According to Kendall, the final cost will depend on the mission equipment the service decides to install in the drones. Fielding CCAs with various mission packages has advantages, and options include adding weaponry, sensors, electronic warfare systems, or other effects.
“That’s a way to keep the cost down,” he said. “It raises the uncertainty that the adversary has to deal with because he doesn’t know which is in any given aircraft; he has to take each of them seriously as a threat. And so whether they all carry weapons or a subset carries weapons, he will treat them all as if they do. He has no choice.”
The NGAD manned aircraft is expected to cost hundreds of millions of dollars to the US Air Force, surpassing the expensive fifth-generation F-35 aircraft. Therefore, the emphasis on low-cost, uncrewed aircraft that support the expensive fighter jet is not misplaced.

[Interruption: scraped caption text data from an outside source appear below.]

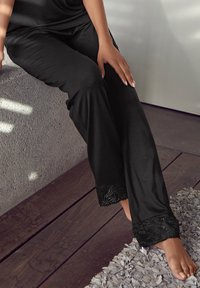 Zwarte pyjamabroek met een losse pasvorm, met delicate kantaccenten aan de zoom. Zachte textuur, wijd model en een eenvoudige bovenkant.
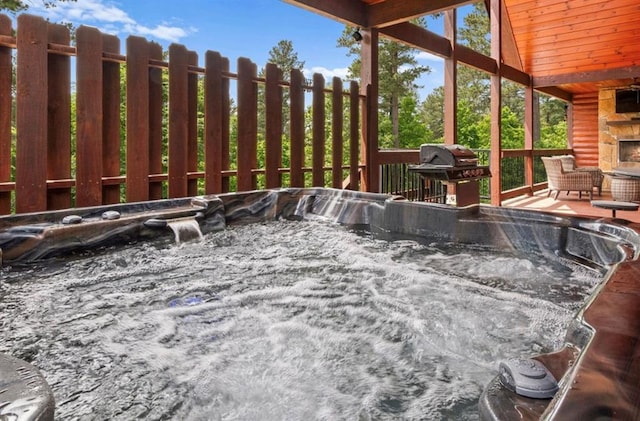 view of patio with area for grilling and a hot tub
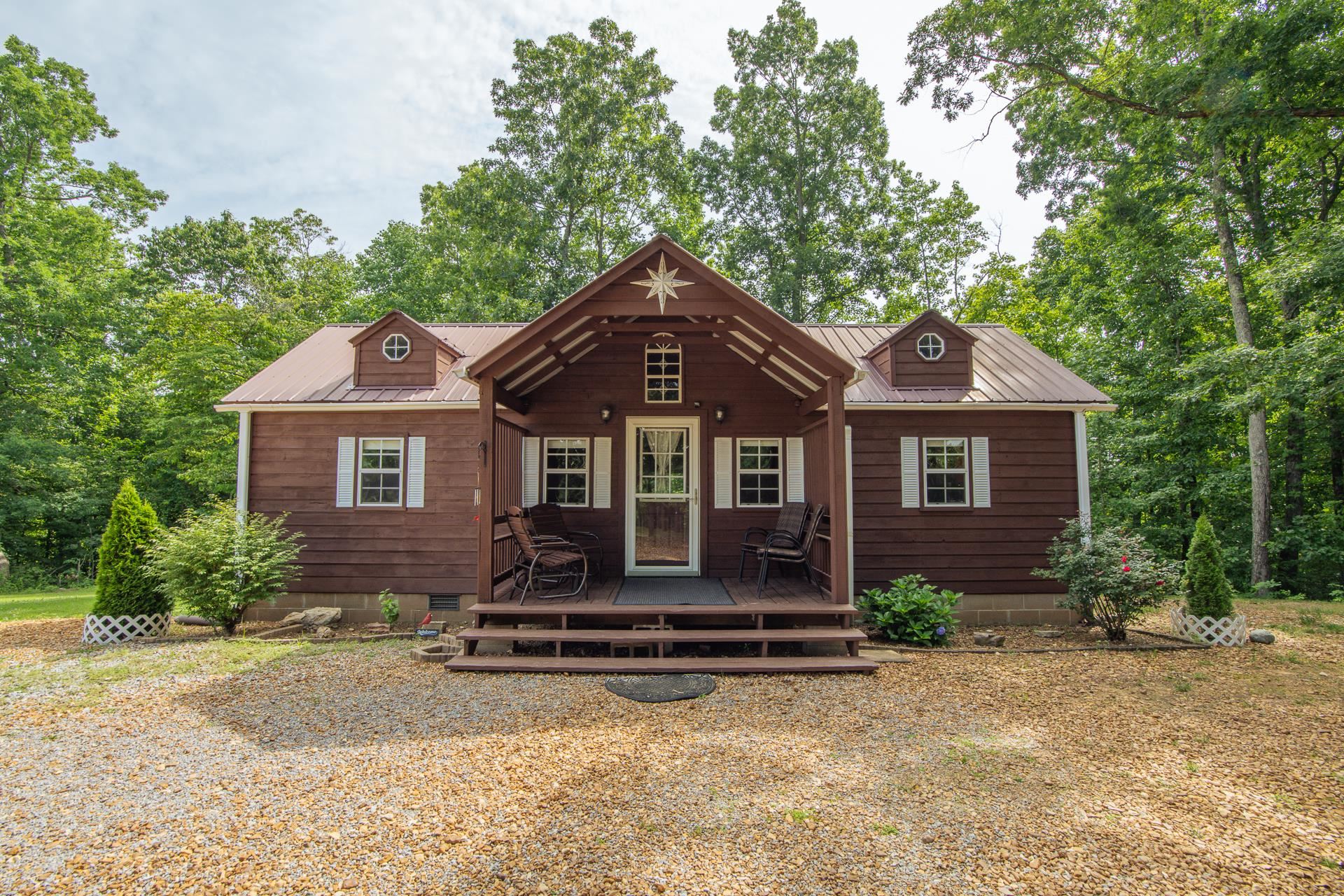23 Old Ferry Road Bath Springs, TN 38311 - Photo 17 of 40 a front view of a house with a yard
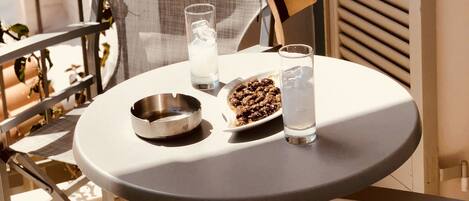 A small round table with a metal bowl, a glass of water, and a plate of food on a balcony.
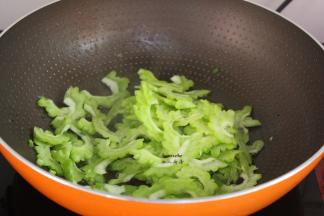 煎锅腊肉的锅中有油，倒入苦瓜爆炒；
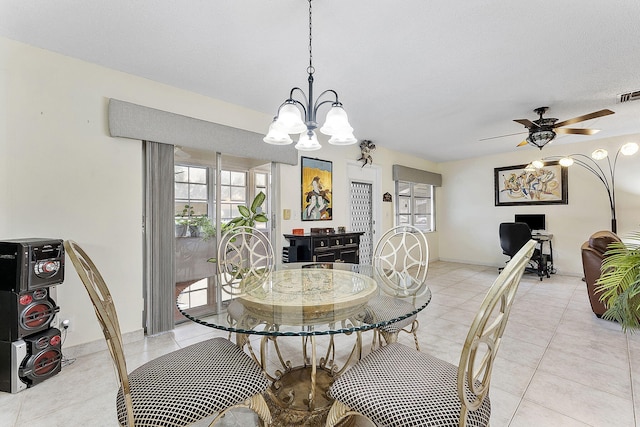 dining area with light tile patterned floors, baseboards, visible vents, and a ceiling fan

The Air Force must take steps to start learning how to employ combat drones alongside fighter aircraft as it develops CCAs, Kendall said. This includes knowing how to maintain such drones, how to organize a unit’s personnel, and how unmanned operations would be integrated into battle management.
Kendall’s vision includes over five drones flying alongside a combat aircraft and performing missions such as strike, surveillance, and electronic warfare or serving as decoys to draw fire, with few instructions from a human pilot.
During a press briefing in Canberra in late August, Kendall revealed that the US was looking to cooperate with Australia on unmanned platforms, including the Boeing MQ-28 Ghost Bat drone. The MQ-28 is the first military aircraft produced by Australia in nearly 50 years.
Incidentally, one of the drones is now in the United States, with Boeing eyeing an opportunity to pitch it to the service as part of future advanced drone initiatives.
Contracts to construct autonomous aircraft supporting the Skyborg program in 2020 had been awarded to Boeing, General Atomics, and Kratos. Boeing is no longer part of the Skyborg program but would undoubtedly want to plug in the CCA program for the next-gen air dominance program.
“You’d be employing an integrated unit at subscale,” Kendall said, adding, “Not a wing, maybe a squadron, maybe less, but you’d be integrating these [drones] with existing aircraft in a way that sort of proves some of the tactics, techniques, and procedures, as well as things like maintenance concepts …and organizational structures.”
Overall, it is too soon to predict how the Air Force will carry out its CCA objectives, but its future manned-unmanned teaming vision is becoming more evident. It could become a reality by 2030 when the NGAD-manned aircraft is expected to enter service.